**To do**. Copy out all of the data word for word. Omit every picture.

Data excerpts START

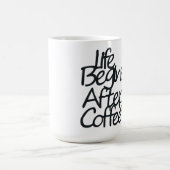 LEVEN BEGINT NA Mok KOFFIE Morphing (Midden)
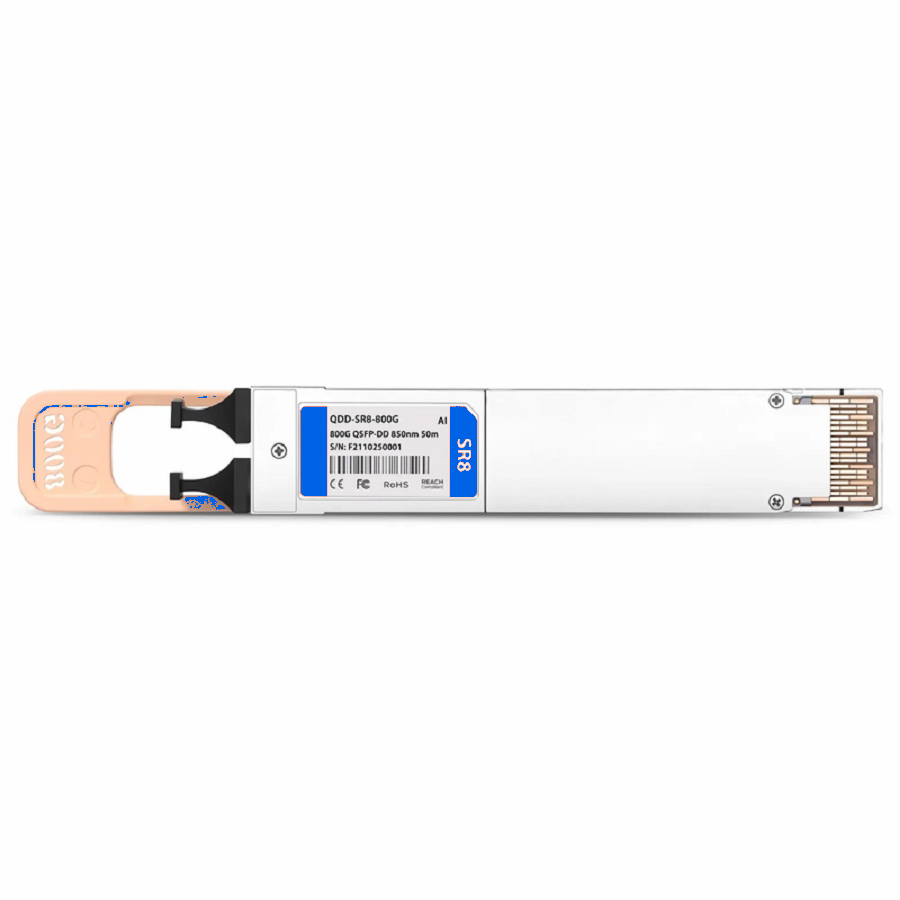 SFPS Arista Networks QDD-800G-2VSR4 Compatible 800GBASE 2xSR4/SR8 QSFP-DD 8 x 100G PAM4 850nm 50m DOM Dual MPO-12/APC MMF Optical Transceiver Module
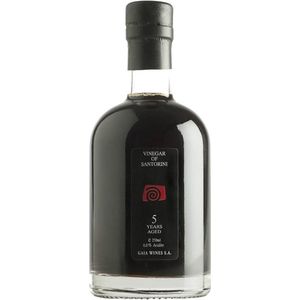 Balsamico azijn uit Santorini - 5 jaar - Rijk - Fruitig - 250ml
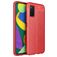 Mobigear Luxury Coque Samsung Galaxy A03s Coque arrière en TPU Souple - Rouge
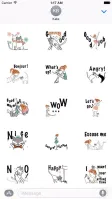 Animated Lovely Girl And Cat Animated Lovely Girl And Cat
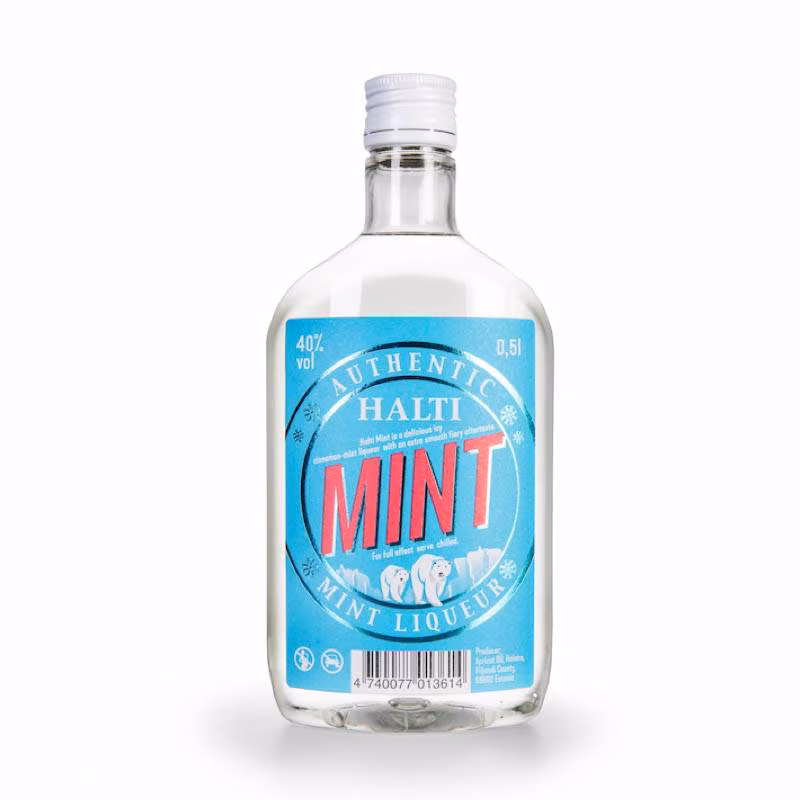 Halti Mint Liqueur 40% 0.5 l PET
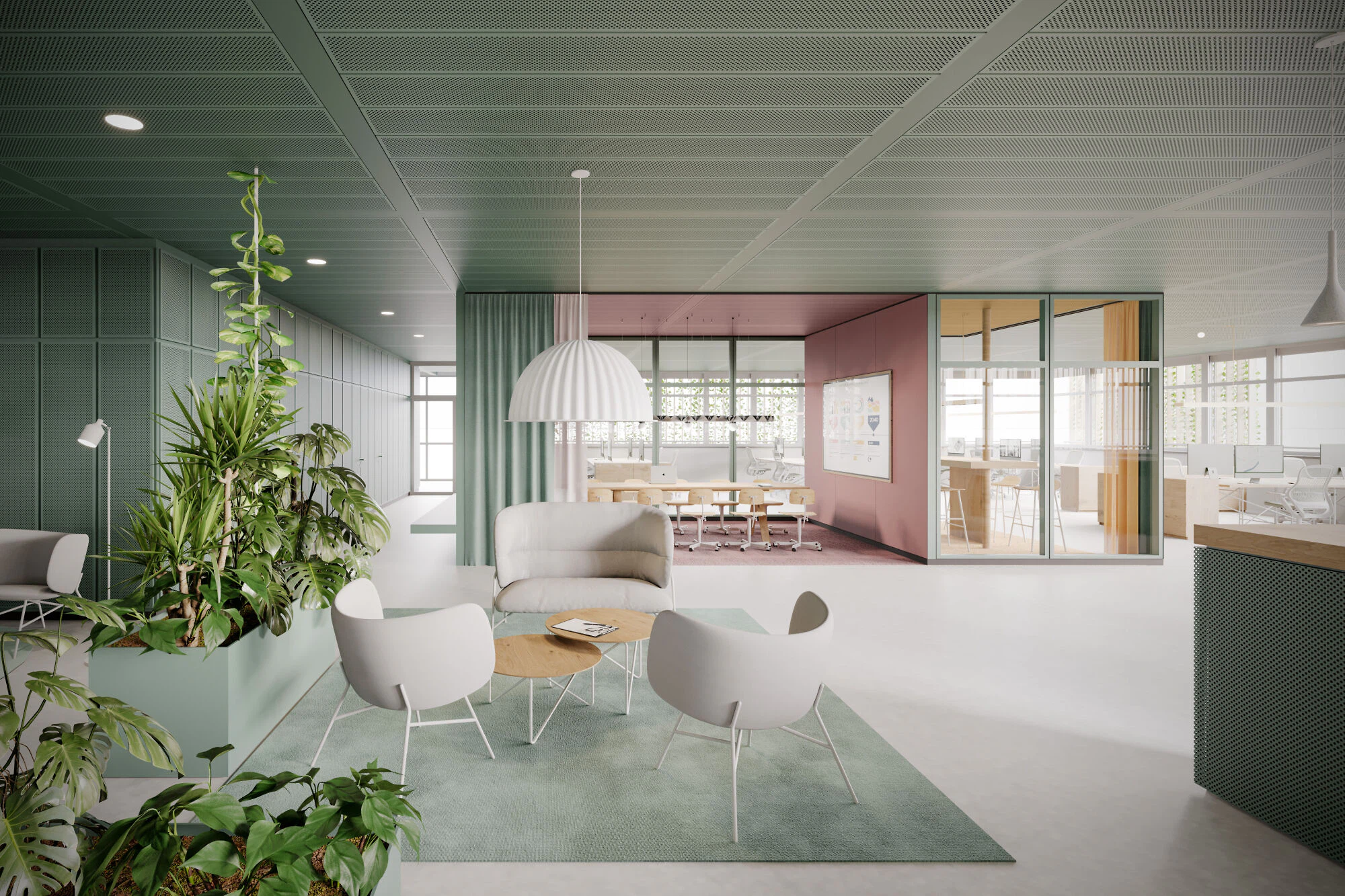 Renderings: beyond visual arts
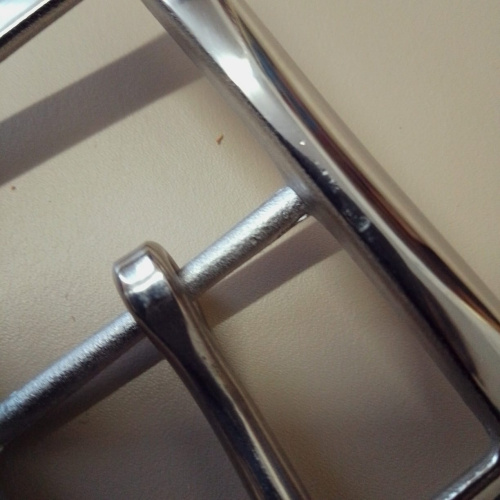 Уценка! Пряжка 38 мм стальная S110  фото 3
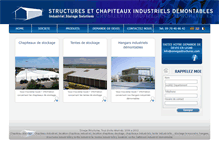 Tablet Screenshot of omegastructures.com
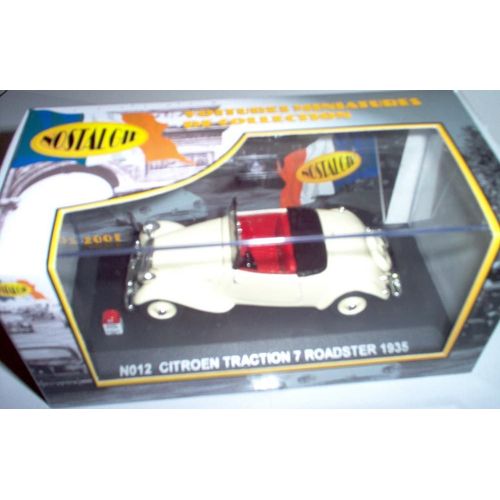 Nostalgie - Citroën Traction 7 Roadster 1935 1/43eme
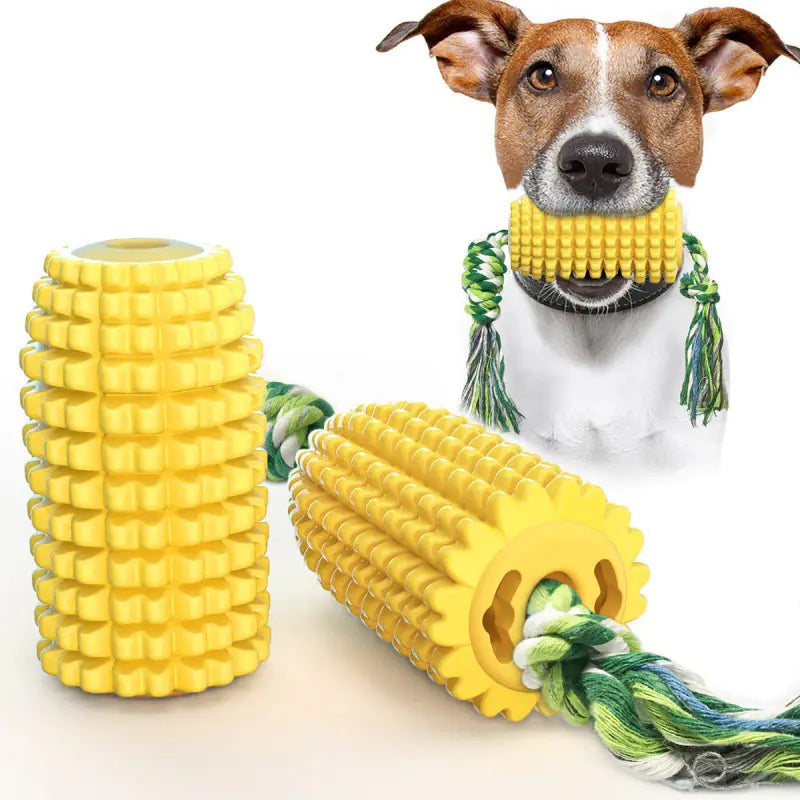 Floating Dog Toy with Suction Cup and Sound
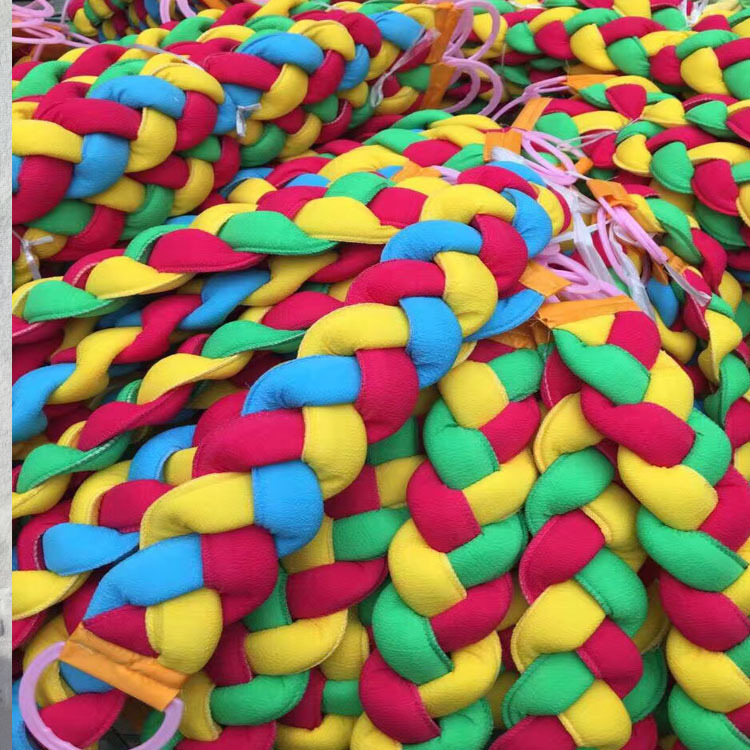 원산지 소스 세 가닥의 트위스트 문지름 백 타월 문지르 긴 목욕 타월 공정 스톨 공급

Data excerpts END

**Output for this task**.
 LEVEN BEGINT NA Mok KOFFIE Morphing (Midden)
 SFPS Arista Networks QDD-800G-2VSR4 Compatible 800GBASE 2xSR4/SR8 QSFP-DD 8 x 100G PAM4 850nm 50m DOM Dual MPO-12/APC MMF Optical Transceiver Module
 Balsamico azijn uit Santorini - 5 jaar - Rijk - Fruitig - 250ml
 Mobigear Luxury Coque Samsung Galaxy A03s Coque arrière en TPU Souple - Rouge
 Animated Lovely Girl And Cat Animated Lovely Girl And Cat
 Halti Mint Liqueur 40% 0.5 l PET
 Renderings: beyond visual arts
 Уценка! Пряжка 38 мм стальная S110  фото 3
 Tablet Screenshot of omegastructures.com
 Nostalgie - Citroën Traction 7 Roadster 1935 1/43eme
 Floating Dog Toy with Suction Cup and Sound
 원산지 소스 세 가닥의 트위스트 문지름 백 타월 문지르 긴 목욕 타월 공정 스톨 공급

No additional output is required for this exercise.